That smell has always taken control of me...has always sent me to the garage to dig out my baseball gear. Sending me out in late February...snow still on the ground...glove on, playing catch with whatever sucker I could con to go out in the cold with me. The sting of the cold bat as you connect just wrong with the ball...there are few things as jarring as hitting a ball wrong when it's only 32 degrees outside. When it's cold, missing the sweet spot by just a hair causes a vibration that stings the hands...but it serves as a reminder...a wake up call...and it starts the search for the perfect line drive.
Seriously, is there a more beautiful thing in sports than a well hit line drive? You can have your towering home Runs...give me a hard liner right up the gut...the kind that causes the pitcher to rethink his profession for just an instant...that always brings a smile to my face. It's one of the glimpses of perfection in baseball...a sport where perfection always sought, but failure is the reality. George Brett and Tony Gwynn carved out Hall of Fame careers with the use of the line drive...Gwynn spraying liners all over the field, racking up hits...Brett crushing doubles in the gaps off hard hit balls. Frank Thomas, during his 1994 MVP season, said that he wasn't a home run hitter, he was line drive hitter, but since he was so big, the ball some times went out of the part...and one look at his 6'5" 275 pound frame, and you knew he wasn't kidding. This brings us to the greatest home run hitter of all time, Hank Aaron, who made the line drive a thing of beauty.
With a certain hitter with a melon sized head, chasing his record, the spotlight is on Aaron again...it would be tragic not to reflect on the beauty of his game. Did you know he never hit more than 47 home runs in a season? Or that he also holds the record for most RBIs? Totals bases? Extra base hits? Or that he was in the top 10 in batting average in 12 of his 23 seasons? Did you know that he learned to hit with his hands reversed on the bat? A right handed hitter, he learned to hit with his right hand below his left...and would return to that cross hand grip when he absolutely needed to make contact. It was said about Aaron that when he hit the ball, the shortstop would leap like he had a chance at the ball, only to turn and watch it sail over the fence. If that's not the description of a perfect line drive, I don't know what is.
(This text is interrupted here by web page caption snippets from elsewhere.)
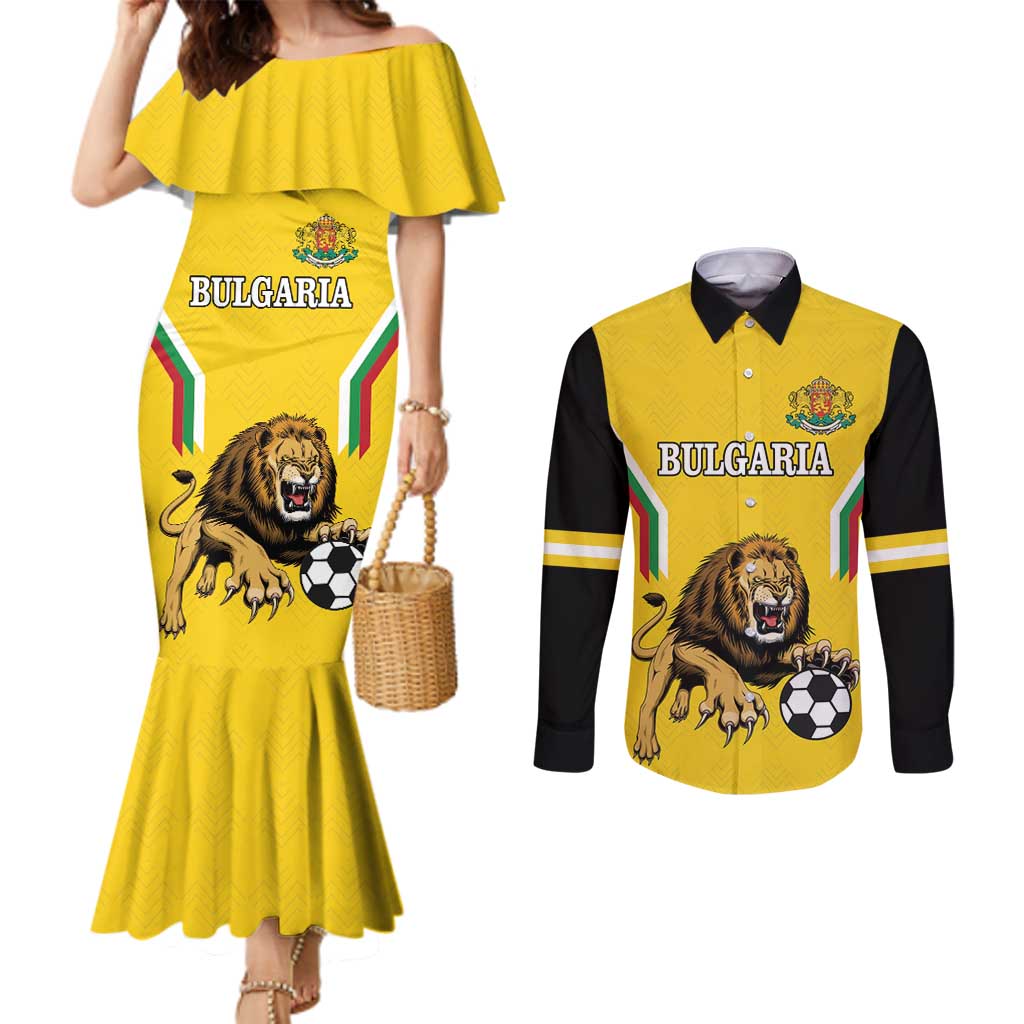 Custom Bulgaria Football Couples Matching Mermaid Dress and Long Sleeve Button Shirt The Lions Come Champions Yellow Version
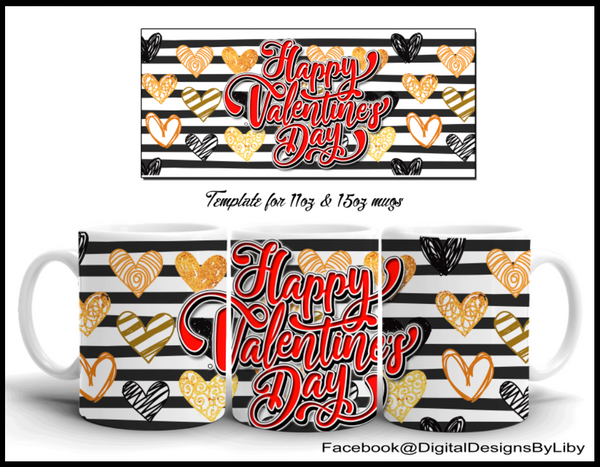 VALENTINES HEARTS Mug Template (2 Designs)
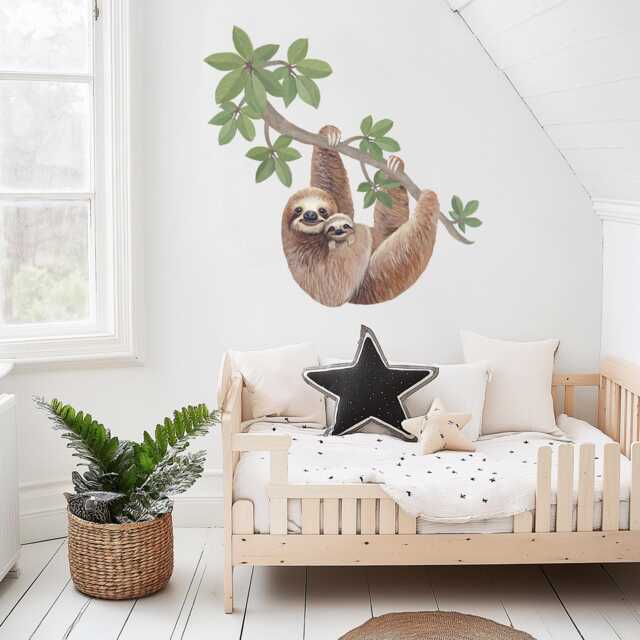 Mum & Baby Sloth Wall Stickers ~ Peel & Stick Fabric Decals - image 1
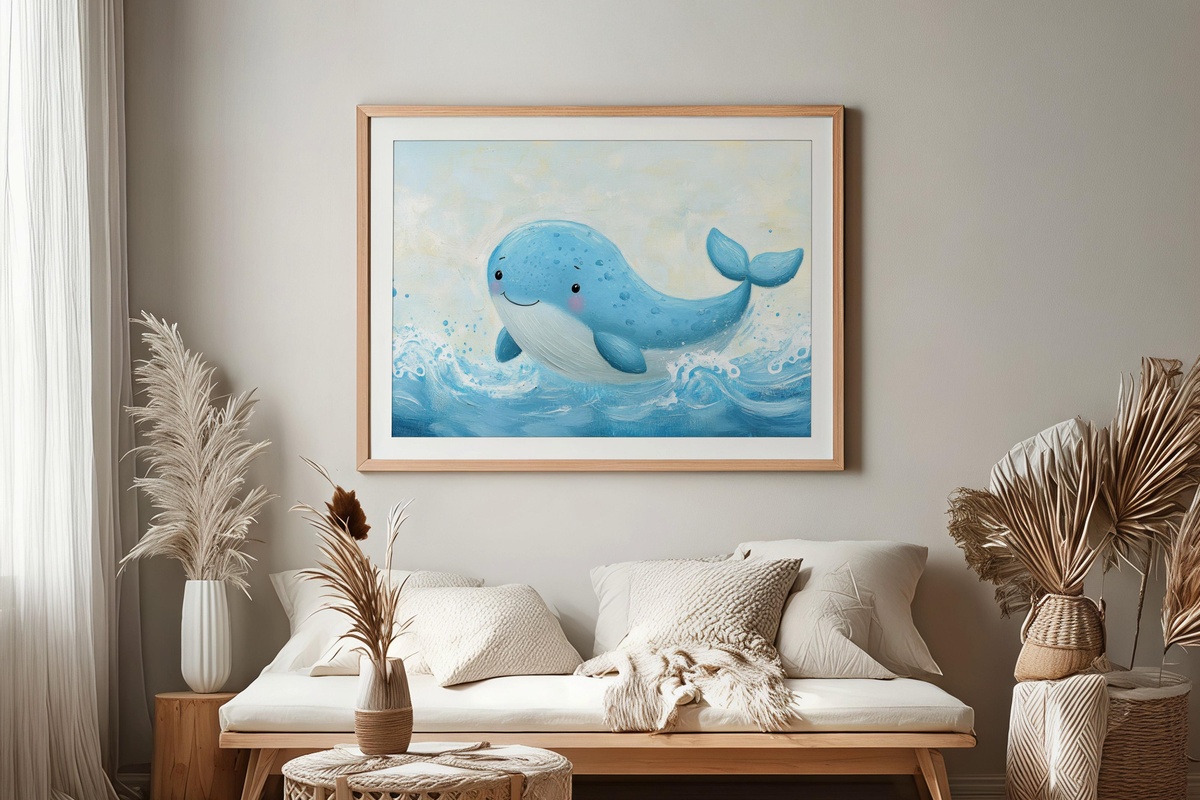 Joyful Whale Ocean Soiree Nursery Printable Wall Art with cartoon whale ocean scene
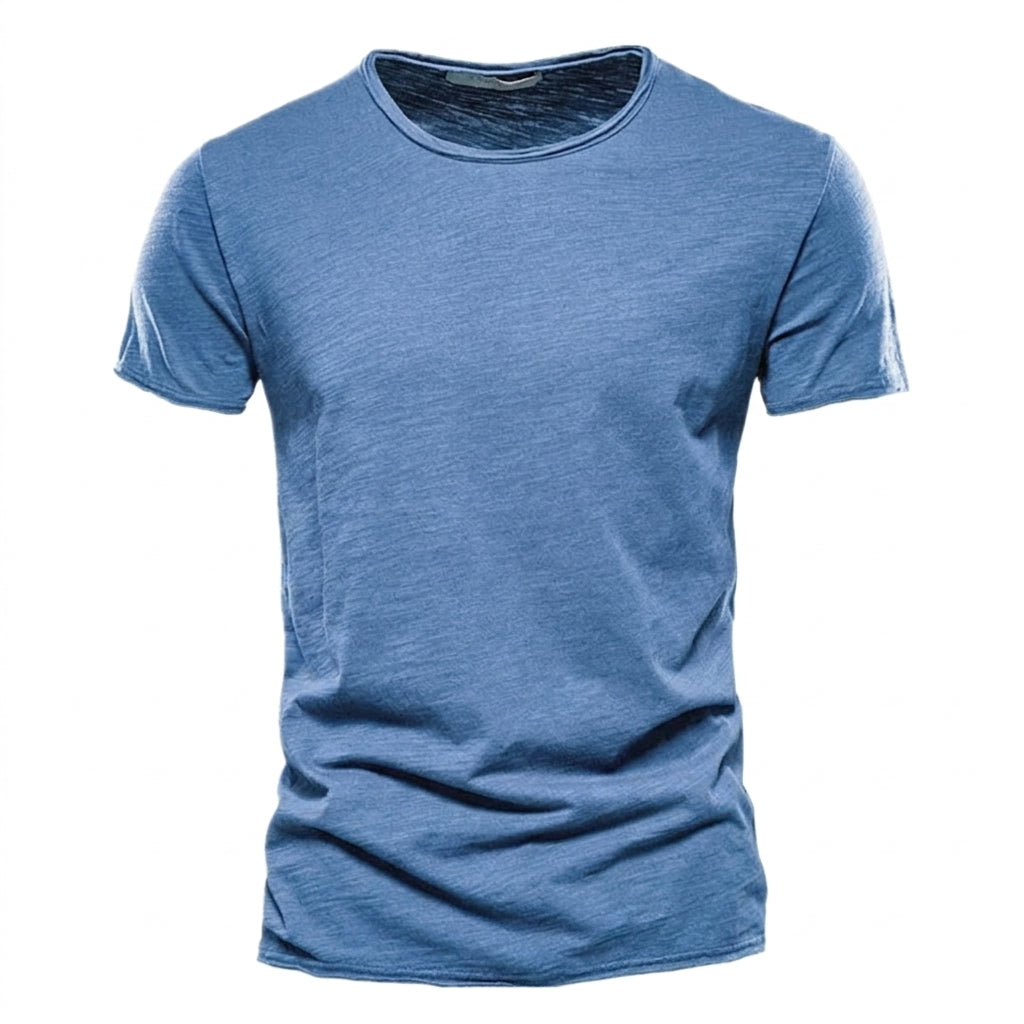 Herren-T-Shirt mit Rundhalsausschnitt und Flammgarn-Struktur-T-shirt for men-Alpenkind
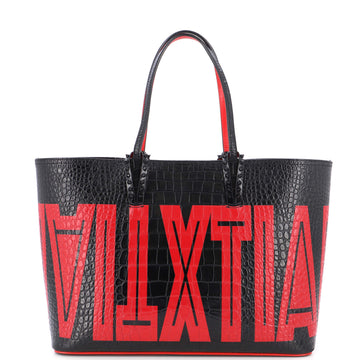 Christian Louboutin Cabata East West Tote Printed Crocodile Embossed Leather Large
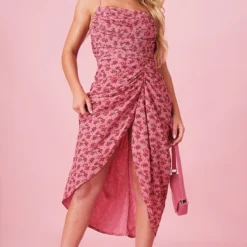 Robe Mi-longue En Mousseline De Soie Froncée Imprimé Abstrait Rose Détail Drapé -Jupe Lumine Soldes Boutique 73d9012645d495bb0e397d10c15ef9acb5d3783a cnd2303 1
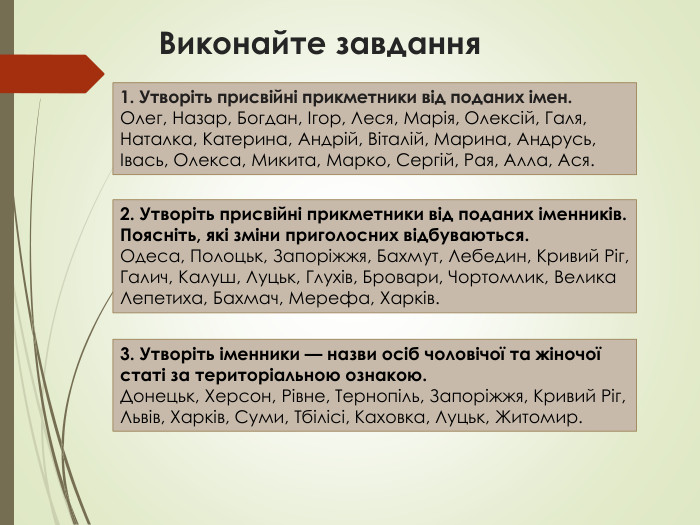 Виконайте завдання1. Утворіть присвійні прикметники від поданих імен. Олег, Назар, Богдан, Ігор, Леся, Марія, Олексій, Галя, Наталка, Катерина, Андрій, Віталій, Марина, Андрусь, Івась, Олекса, Микита, Марко, Сергій, Рая, Алла, Ася.2. Утворіть присвійні прикметники від поданих іменників. Поясніть, які зміни приголосних відбуваються. Одеса, Полоцьк, Запоріжжя, Бахмут, Лебедин, Кривий Ріг, Галич, Калуш, Луцьк, Глухів, Бровари, Чортомлик, Велика Лепетиха, Бахмач, Мерефа, Харків.3. Утворіть іменники — назви осіб чоловічої та жіночої статі за територіальною ознакою. Донецьк, Херсон, Рівне, Тернопіль, Запоріжжя, Кривий Ріг, Львів, Харків, Суми, Тбілісі, Каховка, Луцьк, Житомир.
The only thing more exciting than seeing a perfect line drive is hitting one yourself. You stand in, relaxed, looking out at the field...looking to hit it where they ain't...settling into the box and deciding that the right fielder looks scared. The pitcher releases the ball, it can be a baseball, a 12" or 16" softball...it doesn't matter...that moment when you know it's your pitch...and a sly smile creeps over your face, the ball looks the size of a blimp, and there is no doubt in your mind that this ball is going the other way fast...that is the moment that all hitters look forward to.
You start your swing, shifting your weight to the back leg, lifting you front foot...as the ball comes closer, the bat swings into action...level and true...the back leg pushes the body forward generating the real power. The hands carry the bat on its path through the zone...the front foot strides toward right field and the poor fielder who doesn't know that you're gunning for him. The bat makes contact just as the front foot lands...and while the sound is always better with a wooden bat (and if you haven't hit a ball with a wooden bat, you should...hit it right, and you'll hear the most perfect sound in the world) you know right away that you connected perfectly with any bat. The torso, arms and hands finish the swing through the contact area...as your top hand flies off the bat...your eyes focus on the flight of the ball...and your feet start the race to first.
A well hit baseball...there are few things in life that bring me as much joy. And each spring, when my nose alerts me, I begin the pursuit for the perfect line drive all over again.